I did not have the 5D3 at the same time as the 1DX's, but have owned a couple of each. My sense was that the 1DX has roughly half the number of focus misses in servo mode, which was already not bad with the 5D3. For someone using a tripod, it probably doesn't seem very different, but someone shooting quick-moving subjects, there really is a big difference.

I highly encourage people to consider the 1DX Mark I used. Take a look on eBay right now.
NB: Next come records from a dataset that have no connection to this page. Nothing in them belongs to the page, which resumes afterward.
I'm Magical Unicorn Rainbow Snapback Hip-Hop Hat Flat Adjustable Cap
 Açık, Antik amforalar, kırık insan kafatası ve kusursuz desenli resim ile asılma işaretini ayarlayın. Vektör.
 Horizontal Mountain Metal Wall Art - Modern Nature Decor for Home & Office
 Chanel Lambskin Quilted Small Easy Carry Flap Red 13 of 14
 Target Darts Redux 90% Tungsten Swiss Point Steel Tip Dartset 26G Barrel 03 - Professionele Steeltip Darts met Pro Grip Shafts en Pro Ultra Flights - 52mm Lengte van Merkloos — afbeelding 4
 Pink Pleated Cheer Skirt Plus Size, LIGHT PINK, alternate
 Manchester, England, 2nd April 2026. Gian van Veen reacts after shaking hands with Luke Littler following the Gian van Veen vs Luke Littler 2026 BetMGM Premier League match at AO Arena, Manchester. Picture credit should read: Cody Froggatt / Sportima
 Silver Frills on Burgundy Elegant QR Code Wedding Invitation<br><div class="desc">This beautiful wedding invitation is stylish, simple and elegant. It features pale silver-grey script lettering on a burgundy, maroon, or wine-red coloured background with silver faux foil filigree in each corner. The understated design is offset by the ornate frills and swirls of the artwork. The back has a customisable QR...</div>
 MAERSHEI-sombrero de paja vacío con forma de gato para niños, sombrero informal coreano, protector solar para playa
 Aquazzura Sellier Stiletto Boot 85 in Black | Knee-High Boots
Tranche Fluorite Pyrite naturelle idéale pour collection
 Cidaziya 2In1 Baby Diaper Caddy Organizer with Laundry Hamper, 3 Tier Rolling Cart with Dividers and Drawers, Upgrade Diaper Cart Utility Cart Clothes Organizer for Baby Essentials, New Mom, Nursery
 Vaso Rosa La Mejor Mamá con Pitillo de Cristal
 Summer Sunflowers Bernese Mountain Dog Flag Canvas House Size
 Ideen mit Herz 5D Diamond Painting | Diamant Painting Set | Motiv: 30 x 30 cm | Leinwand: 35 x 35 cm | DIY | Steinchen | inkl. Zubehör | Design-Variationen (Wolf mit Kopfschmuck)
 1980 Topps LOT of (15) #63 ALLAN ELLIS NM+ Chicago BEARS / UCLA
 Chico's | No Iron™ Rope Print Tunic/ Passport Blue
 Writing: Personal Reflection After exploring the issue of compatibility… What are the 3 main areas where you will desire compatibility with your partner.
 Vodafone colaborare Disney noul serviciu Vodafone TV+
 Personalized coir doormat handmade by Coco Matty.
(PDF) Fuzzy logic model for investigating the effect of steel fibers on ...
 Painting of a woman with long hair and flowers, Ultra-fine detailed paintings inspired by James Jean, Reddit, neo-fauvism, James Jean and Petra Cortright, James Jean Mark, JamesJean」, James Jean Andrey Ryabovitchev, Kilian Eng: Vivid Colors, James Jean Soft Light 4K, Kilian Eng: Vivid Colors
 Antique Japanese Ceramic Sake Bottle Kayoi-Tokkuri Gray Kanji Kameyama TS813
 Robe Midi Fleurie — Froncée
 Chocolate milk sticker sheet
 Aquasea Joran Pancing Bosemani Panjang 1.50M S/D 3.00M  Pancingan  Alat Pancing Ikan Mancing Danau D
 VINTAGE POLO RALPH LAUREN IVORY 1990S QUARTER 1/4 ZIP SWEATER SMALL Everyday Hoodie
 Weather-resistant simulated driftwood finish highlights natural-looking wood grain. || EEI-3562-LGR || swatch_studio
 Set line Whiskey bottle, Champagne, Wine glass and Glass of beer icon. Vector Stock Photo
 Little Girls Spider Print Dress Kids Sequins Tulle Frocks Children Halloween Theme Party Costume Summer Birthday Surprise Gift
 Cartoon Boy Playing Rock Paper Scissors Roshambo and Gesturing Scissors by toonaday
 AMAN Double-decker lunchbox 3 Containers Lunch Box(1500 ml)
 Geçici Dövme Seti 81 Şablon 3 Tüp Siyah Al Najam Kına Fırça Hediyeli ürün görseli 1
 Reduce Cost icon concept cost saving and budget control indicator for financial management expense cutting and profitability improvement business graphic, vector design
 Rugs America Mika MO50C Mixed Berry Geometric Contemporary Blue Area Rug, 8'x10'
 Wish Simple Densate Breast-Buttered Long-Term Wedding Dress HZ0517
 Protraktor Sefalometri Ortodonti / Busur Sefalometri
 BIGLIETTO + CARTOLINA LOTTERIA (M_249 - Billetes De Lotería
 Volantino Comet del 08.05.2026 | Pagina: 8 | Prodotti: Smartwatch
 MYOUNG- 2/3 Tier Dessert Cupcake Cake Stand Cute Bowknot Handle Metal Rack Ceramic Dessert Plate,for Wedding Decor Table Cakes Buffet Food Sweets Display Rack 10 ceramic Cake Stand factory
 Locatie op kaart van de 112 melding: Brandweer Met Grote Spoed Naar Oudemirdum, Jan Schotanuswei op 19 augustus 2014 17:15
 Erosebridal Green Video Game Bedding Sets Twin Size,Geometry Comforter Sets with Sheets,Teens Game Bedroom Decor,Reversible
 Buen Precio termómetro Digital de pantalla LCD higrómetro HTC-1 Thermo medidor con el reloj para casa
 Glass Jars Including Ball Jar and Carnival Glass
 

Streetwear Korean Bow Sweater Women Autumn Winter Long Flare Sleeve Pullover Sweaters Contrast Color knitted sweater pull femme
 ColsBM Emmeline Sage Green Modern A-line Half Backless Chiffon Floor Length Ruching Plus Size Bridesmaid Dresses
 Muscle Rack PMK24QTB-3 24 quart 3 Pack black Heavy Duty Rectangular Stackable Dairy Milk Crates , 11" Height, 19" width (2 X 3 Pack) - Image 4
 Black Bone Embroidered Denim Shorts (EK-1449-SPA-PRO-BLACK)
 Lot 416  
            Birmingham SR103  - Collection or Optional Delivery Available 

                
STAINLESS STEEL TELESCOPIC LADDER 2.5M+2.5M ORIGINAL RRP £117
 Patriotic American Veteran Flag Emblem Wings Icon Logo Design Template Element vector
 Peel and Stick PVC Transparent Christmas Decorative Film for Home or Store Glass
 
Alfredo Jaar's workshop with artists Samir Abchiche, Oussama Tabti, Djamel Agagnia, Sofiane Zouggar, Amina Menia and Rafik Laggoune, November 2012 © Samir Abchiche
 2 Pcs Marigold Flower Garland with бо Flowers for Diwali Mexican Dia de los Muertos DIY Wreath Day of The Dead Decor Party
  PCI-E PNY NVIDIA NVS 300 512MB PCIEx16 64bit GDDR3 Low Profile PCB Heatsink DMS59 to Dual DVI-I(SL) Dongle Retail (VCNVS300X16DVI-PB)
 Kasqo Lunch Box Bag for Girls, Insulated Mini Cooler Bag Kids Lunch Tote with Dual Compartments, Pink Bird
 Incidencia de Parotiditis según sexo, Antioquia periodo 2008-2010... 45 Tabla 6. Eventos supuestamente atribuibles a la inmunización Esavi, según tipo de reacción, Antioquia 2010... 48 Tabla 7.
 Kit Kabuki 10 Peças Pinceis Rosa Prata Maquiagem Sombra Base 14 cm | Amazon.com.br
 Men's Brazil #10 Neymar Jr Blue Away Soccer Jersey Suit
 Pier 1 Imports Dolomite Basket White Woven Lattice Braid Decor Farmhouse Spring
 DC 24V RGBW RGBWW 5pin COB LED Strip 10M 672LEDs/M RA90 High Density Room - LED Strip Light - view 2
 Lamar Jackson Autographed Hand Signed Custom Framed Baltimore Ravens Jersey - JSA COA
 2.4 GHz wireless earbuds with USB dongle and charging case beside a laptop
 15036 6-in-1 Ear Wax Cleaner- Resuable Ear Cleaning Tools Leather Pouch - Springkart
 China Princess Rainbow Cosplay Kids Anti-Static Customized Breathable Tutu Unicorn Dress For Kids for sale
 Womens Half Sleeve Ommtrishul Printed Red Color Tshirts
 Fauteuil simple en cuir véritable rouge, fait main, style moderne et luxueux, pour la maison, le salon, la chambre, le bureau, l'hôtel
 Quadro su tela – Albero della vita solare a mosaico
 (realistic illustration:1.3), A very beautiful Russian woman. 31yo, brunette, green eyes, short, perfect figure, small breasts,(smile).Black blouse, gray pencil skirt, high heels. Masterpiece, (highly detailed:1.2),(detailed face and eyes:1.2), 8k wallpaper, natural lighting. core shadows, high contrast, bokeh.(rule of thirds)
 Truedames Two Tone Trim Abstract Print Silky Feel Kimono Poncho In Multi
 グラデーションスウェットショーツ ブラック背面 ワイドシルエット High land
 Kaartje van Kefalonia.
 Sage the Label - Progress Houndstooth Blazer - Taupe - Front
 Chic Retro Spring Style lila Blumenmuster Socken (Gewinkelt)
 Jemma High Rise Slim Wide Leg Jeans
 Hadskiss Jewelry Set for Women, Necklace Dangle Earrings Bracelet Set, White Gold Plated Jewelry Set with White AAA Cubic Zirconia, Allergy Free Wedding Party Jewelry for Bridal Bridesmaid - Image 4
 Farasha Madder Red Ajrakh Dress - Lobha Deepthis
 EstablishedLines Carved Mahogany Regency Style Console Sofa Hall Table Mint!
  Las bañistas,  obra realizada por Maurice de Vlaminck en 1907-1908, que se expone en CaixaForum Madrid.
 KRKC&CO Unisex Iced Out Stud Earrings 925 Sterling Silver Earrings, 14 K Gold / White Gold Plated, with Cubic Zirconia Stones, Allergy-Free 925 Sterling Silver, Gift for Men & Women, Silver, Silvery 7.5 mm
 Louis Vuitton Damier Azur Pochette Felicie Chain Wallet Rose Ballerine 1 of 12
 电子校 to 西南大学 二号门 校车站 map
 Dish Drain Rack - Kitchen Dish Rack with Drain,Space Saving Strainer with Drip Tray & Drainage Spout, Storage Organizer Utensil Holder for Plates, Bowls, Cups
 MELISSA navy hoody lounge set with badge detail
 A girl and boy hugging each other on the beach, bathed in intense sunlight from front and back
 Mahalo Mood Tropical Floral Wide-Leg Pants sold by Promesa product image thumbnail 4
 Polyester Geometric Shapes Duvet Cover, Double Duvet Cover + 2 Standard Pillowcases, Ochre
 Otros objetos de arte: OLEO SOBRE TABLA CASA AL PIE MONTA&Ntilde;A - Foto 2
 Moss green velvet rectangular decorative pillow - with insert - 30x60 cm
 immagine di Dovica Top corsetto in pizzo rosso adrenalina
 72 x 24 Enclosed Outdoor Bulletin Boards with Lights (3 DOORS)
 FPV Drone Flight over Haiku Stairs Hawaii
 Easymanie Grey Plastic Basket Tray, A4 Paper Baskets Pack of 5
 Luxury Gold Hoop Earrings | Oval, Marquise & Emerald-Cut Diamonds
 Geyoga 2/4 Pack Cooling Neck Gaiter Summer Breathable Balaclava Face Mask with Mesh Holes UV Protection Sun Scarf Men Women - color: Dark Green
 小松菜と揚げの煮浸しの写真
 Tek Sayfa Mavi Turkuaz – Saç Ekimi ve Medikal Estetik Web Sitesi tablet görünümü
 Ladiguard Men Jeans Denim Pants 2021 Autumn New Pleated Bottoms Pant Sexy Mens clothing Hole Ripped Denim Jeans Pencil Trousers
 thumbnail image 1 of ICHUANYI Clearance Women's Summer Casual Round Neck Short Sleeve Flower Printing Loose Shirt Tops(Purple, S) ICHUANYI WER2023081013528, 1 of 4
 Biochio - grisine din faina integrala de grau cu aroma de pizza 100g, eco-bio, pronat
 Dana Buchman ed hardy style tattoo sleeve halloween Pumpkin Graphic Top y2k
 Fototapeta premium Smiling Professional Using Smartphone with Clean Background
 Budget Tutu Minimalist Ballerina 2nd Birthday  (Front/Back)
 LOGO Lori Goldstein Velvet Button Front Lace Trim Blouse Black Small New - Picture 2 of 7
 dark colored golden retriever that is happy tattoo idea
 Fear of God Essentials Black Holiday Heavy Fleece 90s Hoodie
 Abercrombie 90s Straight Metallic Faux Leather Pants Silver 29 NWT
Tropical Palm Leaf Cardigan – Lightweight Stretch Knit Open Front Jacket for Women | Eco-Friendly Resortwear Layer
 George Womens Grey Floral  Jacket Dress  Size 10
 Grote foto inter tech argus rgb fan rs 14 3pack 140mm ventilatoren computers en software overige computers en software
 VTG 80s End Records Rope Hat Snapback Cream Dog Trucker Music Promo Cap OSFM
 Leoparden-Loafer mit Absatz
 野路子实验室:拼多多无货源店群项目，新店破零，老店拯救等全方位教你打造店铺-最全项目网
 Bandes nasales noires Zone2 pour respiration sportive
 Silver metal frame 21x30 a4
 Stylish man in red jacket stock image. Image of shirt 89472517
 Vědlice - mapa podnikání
They're going for a bit more than a new 5D3, and less than a 5DSR. I don't have experience personally (yet) with the Mark II, but dollar for value, it's really tough to beat the good condition 1DX Mark Is that just got dumped on eBay by all those people having to have the newest version.


----------



## tpatana (Jun 20, 2016)

I sometimes shoot at fairly dim locations, and yes, 1DX did better on servo that 5D3. Less hunting. I didn't know 5D3 was bad until I got the 1DX though. Exactly same happened from 7D to 5D3 also.


----------



## AlanF (Jun 21, 2016)

Thanks everyone so far for your comments. Much appreciated.


----------



## FTb-n (Jul 9, 2016)

Act444 said:


> FTb-n said:
> 
> 
> > Sabaki said:
> ...


Figure skating was a key factor in my gear acquisitions. I went from an XT to the 60D with the 70-200 f2.8L II. The 60D was obviously a big improvement over the XT, but it often had tracking issues when the skater changed directions. Then I went to the 7D and tracking improved immensely. But, during ice shows, I still needed better low-light performance and added the 5D3. The 5D3 lacked the buffer, FPS, and the dual processors of the 7D, but the AF system was still an improvement. The really big jump (no pun intended) in performance came with the 1Dx.

You are absolutely right with the observation of a skater's costume. AF systems like contrast. I sometimes have the most trouble during practice ice (with full arena lights) with skaters who wear all black practice attire.

Another factor that drove my need for better gear is the skill of the skaters. Early on, my main concern was photographing my daughter. As she progressed, I started shooting more for the club and more of other skaters in her group. Now they are among the most advance skaters in the club and the elements that perform involves more speed and more rotation. With better gear and more practice getting shots of these skaters in action, shooting younger skaters doing single jumps seems so much easier than it did a few years ago.


----------